August 27th, 2007 — Alternatives
So someone called you or sent you a letter offering their skills as a mortgage negotiator and you want to know if they are legit. Well… that depends (unfortunately). There is no recognized certification for mortgage negotiators and often you can negotiate with a lender by yourself, but sometimes you need the bring in a professional, someone who knows the system, to give you a hand. Since there is no certification and no regulation of these negotiators, some of them might be scammers or frauds so you have to be very very careful when dealing with these people.
My advice is to reach out to your lender first and trying to work out a solution with them yourself. If the lender’s terms seem too difficult or you can’t make any headway, try answering some of the inquiries by these mortgage negotiators. Do some research on them and try to figure out if they are legitimate or just vultures looking for a cheap payday.

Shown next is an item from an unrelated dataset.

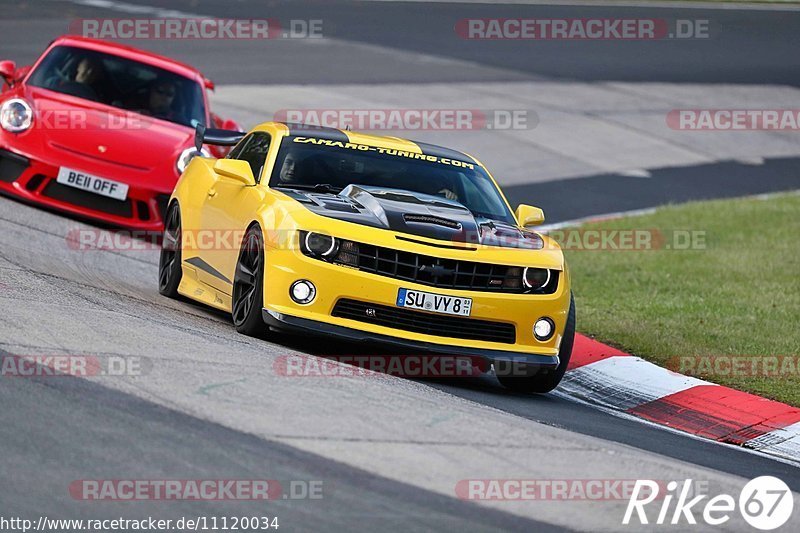 Bild #11120034 - Touristenfahrten Nürburgring Nordschleife (11.10.2020)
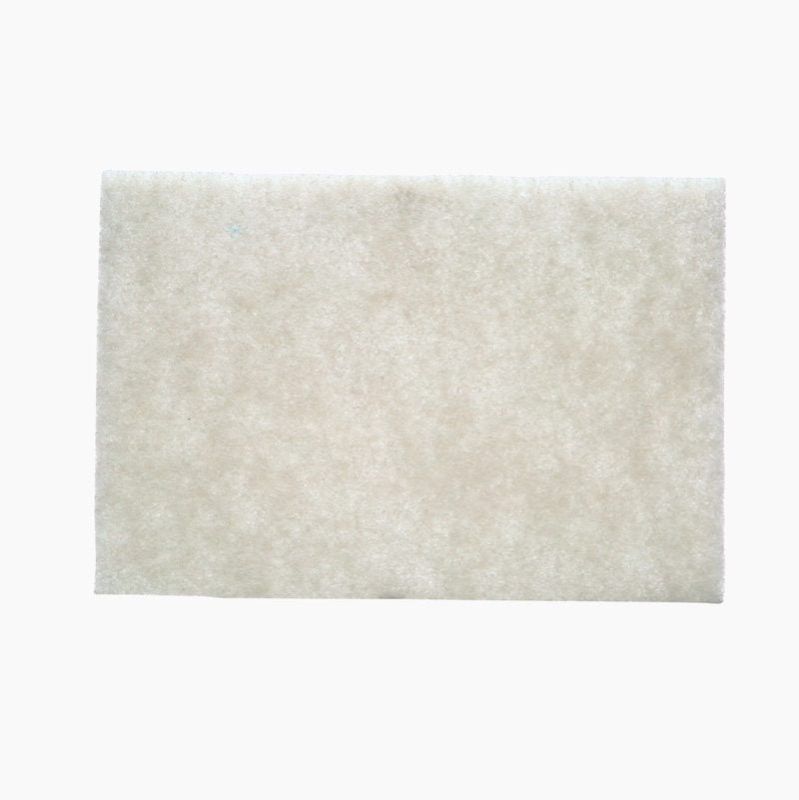 3M™ Scotch-Brite™ 7445 kézi lapka, SFN, 152 x 228 mm, fehér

August 25th, 2007 — Resources
Courtesy of the Consumerist, looks like the Fed has a page that lists federal agencies, federally-affiliated organizations, and other reputable organizations that can help you overcome foreclosure. In addition to the agencies, it has links to tips as well that may be of some use as well. Information is power so get some!
August 24th, 2007 — Scams
The following story about Jennifer Falke and her family is one that you should be knowledgeable of if you are looking towards a third party to help you negotiate a positive resolution to your foreclosure woes. Falke contacted Foreclosure Assistance Solutions (FAS) and paid them money for them to negotiate with her lender. FAS took her money, did nothing, and now she’s not only poorer but she’s in a tougher spot with her lender because nothing happened in the time that passed. FAS took $1,200 and put her in increasingly more difficult positions, when she had money they told her that the fees would be more and more – essentially ripping her off and making it nearly impossible for her to get back on track.
She was told not to call her lender because it would only make it worse and eventually, since FAS stopped answering her calls, she did and found out FAS was lying to her in the first place and inflating the cost of catching up. Here are some tactics they try to use to rope you in:
* Saturation marketing: They learn of mortgage delinquencies through published reports and proceed to bombard the owners with phone calls, flyers and posters.
* Exploiting trust: Scammers build trust by acting sympathetic and solicitous; many owners can’t believe they would lie to their faces.
* Isolating owners: Scammers assure victims that they’ll handle everything. They tell them not to call their lenders nor seek legal advice.
* Outright fraud: Scammers have homeowners sign blank papers and fill them in afterward or they sneak the paperwork through without telling victims what they’re signing.
* Affinity marketing: Especially among minorities and sometimes evangelical church congregations, a scammer builds trust based on a common ethnicity or religion.
The article recommends that you talk to your lender directly as soon as possible, that’s absolutely your best bet.